Make your wishes clear
You cannot bind family or friends in terms of funeral arrangements or, at present, organ donation. You could sign up to the organ donor register and carry a donor card, and – most importantly of all – talk to your family about your wishes and the reasoning that lies behind them.
Keep relevant papers safe
It is essential that Wills are kept secure, whether in a professional adviser’s safe or at home in a fireproof box. Your executors, however, are going to need access to far more. They will need to determine your assets and liabilities on death and, if Inheritance Tax (IHT) is an issue, investigate any gifts in the seven preceding years. Leave them lists, together with relevant papers, life policies and contact details.
Also leave a note of relevant contact details – your accountant, your solicitor, your bank and professional financial adviser – with details of pension and life policies.
Immediate family needs
Assets that are owned jointly (including properties held as joint tenants) pass to the survivor automatically on death. Most other assets, however, will be frozen until a Grant of Probate has been obtained (a process that invariably takes several months). Ensure that your spouse or registered civil partner, or any adult child who is dependent on your support, has sufficient funds in a bank account of their own or in a joint account to meet their immediate needs.
Consider life insurance as an appropriate way of supporting your family after you are gone, and make sure that life insurance policies are ‘written in an appropriate trust’, which means that the proceeds can be released before Probate has been obtained.
Simple and transparent finances
The more complicated your financial affairs, the greater the difficulty could be for those you leave behind. Try and make things as simple and transparent as you can. Go through your documents and either dispose of or identify those that are no longer valid. If there are matters that should have been disclosed to HM Revenue & Customs (HMRC), think seriously about disclosing now and getting everything cleared up.
Inheritance Tax provision
In the event that your estate is likely to be subject to Inheritance Tax (IHT), it requires advance planning. If your estate passes to a surviving spouse or partner (or to charity), IHT is not likely to be an issue. On the second death, the first £325,000 (the ‘nil-rate band’) of your estate is likely to be free of tax. You may benefit from an additional £325,000 if a spouse has pre-deceased you, and those dying after 5 April 2017 may benefit from an additional exemption in respect of the family home. However, if you have remained single, have divorced and not remarried, or are in a common-law relationship, the exempt amount may be just £325,000. And, if you have made substantial lifetime gifts, this may not be available to set against your estate at death. Any value not covered by reliefs or exemptions is charged to IHT at 40% (or 36% if 10% of the net estate is left to a registered charity).
Lasting power of attorney
All of the above relate to what happens when you die. There is a distinct possibility, however, that you will lose capacity to deal with your affairs well before that point.
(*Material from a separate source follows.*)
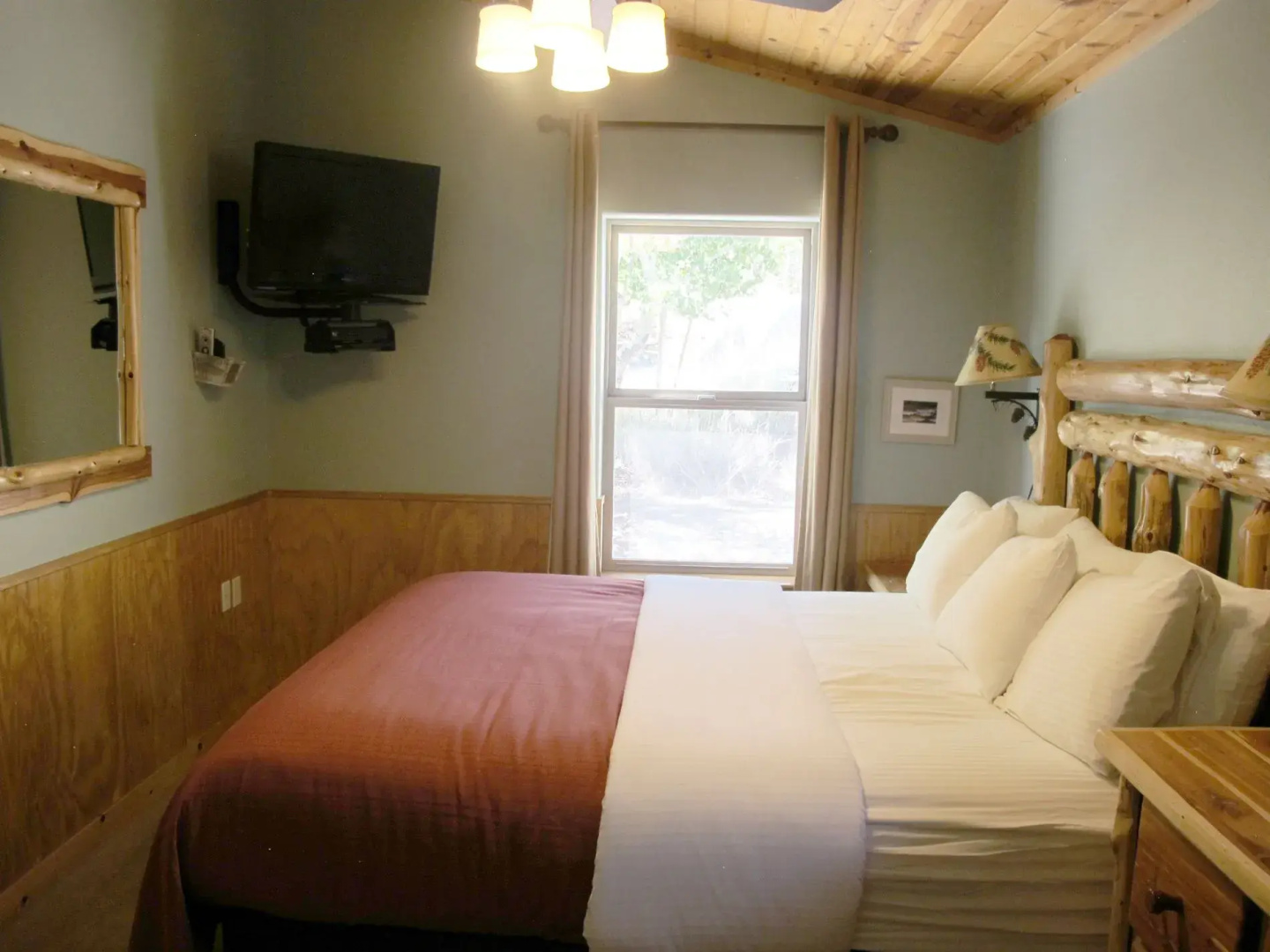 Convict Lake Resort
Lasting powers of attorney (LPAs) are intended to fill the gap – they are a legal document under which you appoint one or more persons to deal with either or both of your financial affairs and your health and welfare in the event that you are no longer able to deal with things yourself. An LPA is important, and it should be drawn up while you still have full capacity (they are often dealt with at the same time as a Will). Bear in mind that incapacity could be triggered by an accident or a sudden illness, rather than gradual decline. τ
LEVELS, BASES OF AND RELIEFS FROM TAXATION MAY BE SUBJECT TO CHANGE, AND THEIR VALUE DEPENDS ON THE INDIVIDUAL CIRCUMSTANCES OF THE INVESTOR.